FACTUAL AND PROCEDURAL BACKGROUND

{2} The facts in this appeal are largely undisputed. In 1996, Agent Marco Tapia was employed by Eddy County Narcotics Unit. Agent Tapia also worked as an undercover narcotics agent for the Lea County Drug Task Force. The task force had targeted Defendant for a sting operation, in which Agent Tapia would attempt to trade property for drugs. An unnamed confidential informant had introduced Agent Tapia to Defendant prior to the date that the attempted transaction would take place.

{3} Agent Tapia visited Defendant’s residence twice on May 9, 1996. The first visit occurred at approximately 8:45 p.m. Agent Tapia testified that he had contact at the home with a woman who he believed was Defendant’s wife. Agent Tapia was unable to directly converse with the woman because she only spoke Spanish, and Agent Tapia did not speak Spanish. Agent Tapia testified that he spoke “through the assistance of a small boy that was present at the residence.” He estimated that the boy was between ten and twelve years of age. Although Agent Tapia did not go into a great amount of detail in his testimony, he did relate how the term “blanca” was used during the course of the three-way conversation between himself, the boy, and the woman. Specifically, Agent Tapia testified that he was led to believe that he could return to the home later and trade his merchandise for “blanca,” which Agent Tapia interpreted as street slang for cocaine. Defense counsel rhetorically asked, “[y]ou used a minor, ten years old, to attempt to secure cocaine for you?” Agent Tapia responded by claiming, “[i]t wasn’t ... by choice____The young boy was very comfortable with discussing matters relating to ... drug sales and I had a problem with it, but he was very comfortable with it.” Agent Tapia further stated that he did not force the child to act as an interpreter, did not entice him in any way, but to the contrary, it was the child’s idea to interpret.

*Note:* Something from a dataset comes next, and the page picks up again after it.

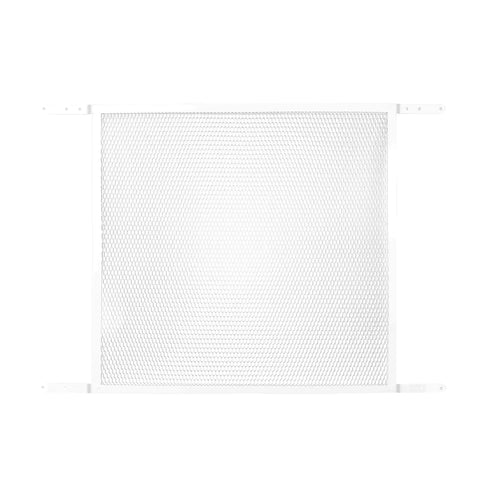 Adjustable Door Grille For 30 To 36 Inch Doors No Fuss Easy Install White Finish Ideal For Residential And Commercial Use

{4} Agent Tapia returned to Defendant’s residence and they discussed trading Agent Tapia’s property for cocaine. Agent Tapia testified that Defendant used the term “1/16” to describe the amount of cocaine involved in the transaction. Agent Tapia testified that this referred to % of an ounce of cocaine, which had a street value of $100-125. Agent Tapia then proceeded to exchange his property for the cocaine and $30 cash.

{5} Prior to trial, Defendant moved to dismiss on the ground that the use of the minor to translate the first visit on May 9, 1996, constituted outrageous governmental conduct. The trial court ruled against Defendant after concluding that the issue posed a pure question of law; however, the trial court allowed the jury to hear Agent Tapia’s above-noted description of the encounter with the child because the trial court believed that it provided background information for the subsequent transaction. The trial court ruled in Defendant’s favor with respect to the exclusion of an audiotape of Agent Tapia’s first visit to the residence on May 9, 1996. After both sides had rested, however, Defendant sought to reopen the evidence and have the tape played to the jury. The trial court ruled against Defendant. The jury convicted Defendant of trafficking cocaine and he was given the statutory basic sentence notwithstanding his claim that mitigating factors weighed in his favor.

DISCUSSION

A. Objective Entrapment

{6} In Vallejos, our Supreme Court recognized that “police on occasion have engaged in conduct that might not ensnare the ordinary person but nevertheless exceeds the standards of proper investigation and violates substantive due process.” 1997-NMSC-040, ¶ 15, 123 N.M. 739, 945 P.2d 957. When a defendant seeks to dismiss charges on this basis, “the trial court carefully scrutinizes both the methods and purposes of police conduct to determine whether police tactics ‘offend our notions of fundamental fairness’, or are so outrageous that ‘due process principles would absolutely bar the government from invoking judicial processes to obtain a eonviction[.]’ ” Id. ¶ 16 (citation omitted). The issue presented is one of law and policy to be decided in the first instance by the trial court. See id.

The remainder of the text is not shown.